今日も立芯は、風に吹かれながら静かに立っていた。

その姿はまるで“ポケモンの野生個体”。

「立っている」しか行動がない。

「……師匠、また立ってるんですか。」

「おう。今日も地球の回転に合わせて立ってる。」

「いや、それ全人類そうですよ!?」

立芯は口の端を上げて、

「太郎くん、今日は“立つことの意味”を感じてみようか。」

と言った。

「いやいや、だからそれがわからないんですよ!

立つって、ただ“足で地面に接してるだけ”じゃないですか!」

「なるほど。じゃあ聞こう。

君のスマホ、バッテリー切れたらどうする?」

「充電しますけど?」

「ふむ。じゃあ人間は?」

「……寝ますけど。」

「そう。でも“立つ”ってのは、“起動状態の充電”なんだ。」

「え? 起きながら充電? そんな都合のいい話あります?」

「ある。立つってね、“地球のWi-Fi”につながる姿勢なんだよ。」

「……出た、スピリチュアルWi-Fi理論!」

立芯は笑いもせず、真剣な顔で言う。

「地に足をつけるって言葉あるでしょ?

あれ、本当の意味は“地球と通話中”ってことなんだ。」

「通話中!? 僕、圏外なんですけど!」

「だろうね。だって君、いつも筋肉でノイズキャンセルしてるもん。」

「ぐっ……!」

立芯は続けた。

「人間の姿勢は、立ち方に“世界観”が出る。

逃げ腰の人は逃げる人生に、踏ん張ってる人は戦う人生に。

でも、ただ“立ってる人”は、どんな状況でも揺れない。
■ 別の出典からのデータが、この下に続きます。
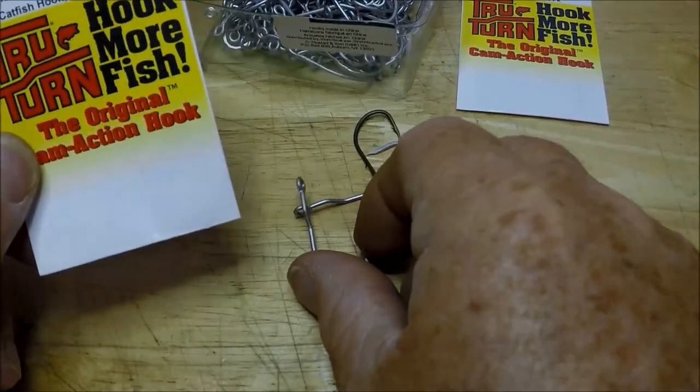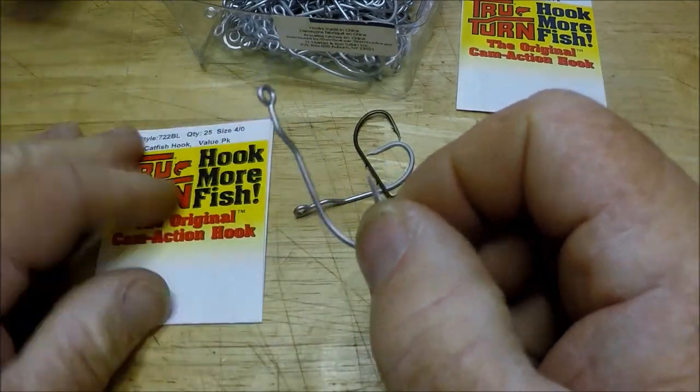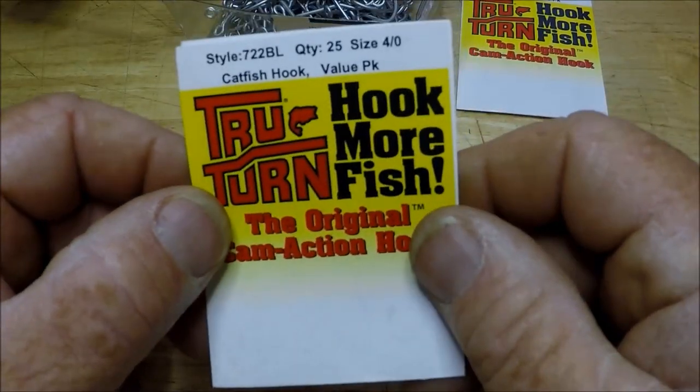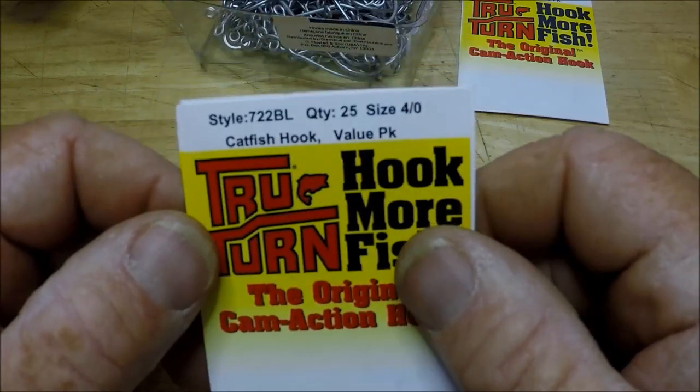These are basically kind of new because they're the permasteel VMC finish. And of course they call them catfish hooks. Why don't they call them 'catch everything'? That's what I don't understand. Catfish — I don't know.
」

「……なるほど。

でも僕、仕事で上司に理不尽なこと言われたらすぐ揺れますけど?」

「うん、それ普通。

でもね、“身体”が立てば、“心”は勝手に戻るんだ。」

「え、そんな自動修復機能あるんですか!?」

「ある。ただし、保証期間は一生。」

「ずっと!? メンテ大変じゃないですか!」

「毎日、立てばいいだけさ。」

太郎は頭を抱えた。

(なんでこの人の話、胡散臭いのに妙に納得しそうになるんだろ……)

立芯は、太郎の眉間を軽く指で突いた。

「そこ。いつも考えすぎで固まってる。」

「えっ、わかるんですか!?」

「そりゃあ、立ってる人には、立ってない人の力みが見えるんだよ。」

「……なんか、悔しい。」

「いいね。その“悔しい”が、身体の扉を開ける。

君が本当に立てた時、もう筋トレじゃ届かない世界が見える。」

「……そんな世界、見たくないような、見てみたいような。」

「じゃあ、今日は立ちながら聞こう。」

「え? また立つの? もう太ももが僕を恨んでますけど。」

「恨まれてるうちは、まだ愛されてる証拠だよ。」

「名言っぽく言わないでください!」

二人の笑い声が、夕方の風に混じって流れた。

太郎の中ではまだ“立つ意味”は分からない。

だが、立つことを“やめない理由”が少しだけできた。

《第三章の気づき》

意味が分からなくても、人は続けられる。

“立つ”とは、分からないまま信じてみる練習なのかもしれない。